▸ GOAL OF THE EXERCISE
Give only the number of lines below that contain the word "Team".

▸ INFORMATION GIVEN
--- START ---
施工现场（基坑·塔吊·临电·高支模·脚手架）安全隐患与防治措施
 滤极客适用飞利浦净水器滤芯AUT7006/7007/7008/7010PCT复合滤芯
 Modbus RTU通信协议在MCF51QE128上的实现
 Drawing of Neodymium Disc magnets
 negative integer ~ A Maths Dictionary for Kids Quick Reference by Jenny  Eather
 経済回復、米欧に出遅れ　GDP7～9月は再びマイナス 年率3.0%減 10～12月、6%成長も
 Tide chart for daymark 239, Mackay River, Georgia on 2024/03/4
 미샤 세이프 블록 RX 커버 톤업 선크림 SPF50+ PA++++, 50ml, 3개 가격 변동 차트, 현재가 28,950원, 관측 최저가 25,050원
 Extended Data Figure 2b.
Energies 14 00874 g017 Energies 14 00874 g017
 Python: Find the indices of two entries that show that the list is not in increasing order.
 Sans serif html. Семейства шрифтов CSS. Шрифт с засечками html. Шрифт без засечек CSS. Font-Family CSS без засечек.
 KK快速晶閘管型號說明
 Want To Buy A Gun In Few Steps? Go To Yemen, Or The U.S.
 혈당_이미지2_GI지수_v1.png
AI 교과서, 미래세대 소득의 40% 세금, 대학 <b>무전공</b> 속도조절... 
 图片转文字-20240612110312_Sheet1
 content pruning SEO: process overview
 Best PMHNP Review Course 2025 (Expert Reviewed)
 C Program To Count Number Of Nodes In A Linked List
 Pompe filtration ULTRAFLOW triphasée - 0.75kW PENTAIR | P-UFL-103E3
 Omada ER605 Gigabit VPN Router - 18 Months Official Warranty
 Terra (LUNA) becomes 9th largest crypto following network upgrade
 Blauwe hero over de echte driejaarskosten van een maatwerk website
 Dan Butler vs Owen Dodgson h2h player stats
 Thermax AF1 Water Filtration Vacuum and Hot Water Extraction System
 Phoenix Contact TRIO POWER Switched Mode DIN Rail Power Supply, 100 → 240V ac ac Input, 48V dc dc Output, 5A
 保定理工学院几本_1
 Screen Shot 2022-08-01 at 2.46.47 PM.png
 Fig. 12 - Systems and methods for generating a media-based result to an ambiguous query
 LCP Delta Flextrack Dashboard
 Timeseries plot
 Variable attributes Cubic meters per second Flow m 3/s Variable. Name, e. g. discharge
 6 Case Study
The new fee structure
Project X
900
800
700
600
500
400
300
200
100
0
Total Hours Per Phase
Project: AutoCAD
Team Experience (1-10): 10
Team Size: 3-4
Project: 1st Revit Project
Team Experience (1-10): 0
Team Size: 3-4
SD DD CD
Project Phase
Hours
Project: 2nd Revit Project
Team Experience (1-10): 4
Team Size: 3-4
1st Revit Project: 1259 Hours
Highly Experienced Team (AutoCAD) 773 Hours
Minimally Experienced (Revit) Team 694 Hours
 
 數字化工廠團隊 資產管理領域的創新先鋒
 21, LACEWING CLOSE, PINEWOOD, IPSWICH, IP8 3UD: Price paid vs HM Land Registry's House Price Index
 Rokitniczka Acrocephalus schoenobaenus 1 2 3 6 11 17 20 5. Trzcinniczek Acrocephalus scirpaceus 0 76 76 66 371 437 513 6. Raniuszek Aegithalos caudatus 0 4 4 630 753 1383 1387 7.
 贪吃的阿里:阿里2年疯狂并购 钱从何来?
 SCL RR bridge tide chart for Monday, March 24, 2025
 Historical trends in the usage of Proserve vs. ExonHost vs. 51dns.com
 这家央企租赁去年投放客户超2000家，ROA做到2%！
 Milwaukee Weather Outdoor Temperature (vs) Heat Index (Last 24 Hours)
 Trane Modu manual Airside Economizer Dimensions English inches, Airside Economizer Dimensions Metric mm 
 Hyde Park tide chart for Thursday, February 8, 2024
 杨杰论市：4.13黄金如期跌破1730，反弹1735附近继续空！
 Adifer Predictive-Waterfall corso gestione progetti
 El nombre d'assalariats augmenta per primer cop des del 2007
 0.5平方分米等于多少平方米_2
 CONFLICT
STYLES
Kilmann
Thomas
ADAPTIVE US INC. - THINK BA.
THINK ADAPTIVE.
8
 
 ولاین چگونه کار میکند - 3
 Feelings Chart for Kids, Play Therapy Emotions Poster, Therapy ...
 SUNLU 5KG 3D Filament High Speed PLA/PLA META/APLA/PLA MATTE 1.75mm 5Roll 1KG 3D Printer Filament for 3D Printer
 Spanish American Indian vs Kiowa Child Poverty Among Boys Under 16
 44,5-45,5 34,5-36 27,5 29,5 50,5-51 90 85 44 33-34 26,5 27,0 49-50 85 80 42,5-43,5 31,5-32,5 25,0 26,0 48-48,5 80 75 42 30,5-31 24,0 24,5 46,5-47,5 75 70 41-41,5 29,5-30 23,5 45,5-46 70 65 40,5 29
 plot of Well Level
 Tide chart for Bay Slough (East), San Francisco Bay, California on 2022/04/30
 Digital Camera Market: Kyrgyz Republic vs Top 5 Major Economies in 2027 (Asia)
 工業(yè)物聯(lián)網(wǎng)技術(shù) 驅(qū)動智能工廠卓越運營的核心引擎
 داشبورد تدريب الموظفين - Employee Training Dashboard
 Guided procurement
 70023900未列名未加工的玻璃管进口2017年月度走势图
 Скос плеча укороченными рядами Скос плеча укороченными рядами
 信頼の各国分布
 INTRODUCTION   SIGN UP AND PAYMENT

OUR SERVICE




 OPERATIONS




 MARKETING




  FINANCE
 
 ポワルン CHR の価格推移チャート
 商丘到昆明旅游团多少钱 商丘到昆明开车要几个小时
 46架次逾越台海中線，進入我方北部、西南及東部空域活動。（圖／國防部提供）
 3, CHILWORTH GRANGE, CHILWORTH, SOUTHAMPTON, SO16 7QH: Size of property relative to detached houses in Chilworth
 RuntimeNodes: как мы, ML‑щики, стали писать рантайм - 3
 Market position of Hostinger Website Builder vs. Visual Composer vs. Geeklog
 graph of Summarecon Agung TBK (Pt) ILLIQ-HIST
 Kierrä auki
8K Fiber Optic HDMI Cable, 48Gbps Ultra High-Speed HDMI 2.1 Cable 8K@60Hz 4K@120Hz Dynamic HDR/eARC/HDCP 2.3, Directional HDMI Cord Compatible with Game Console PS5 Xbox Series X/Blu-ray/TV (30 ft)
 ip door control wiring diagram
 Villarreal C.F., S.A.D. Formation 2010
--- END ---
▸ SOLUTION FOR THIS EXERCISE
8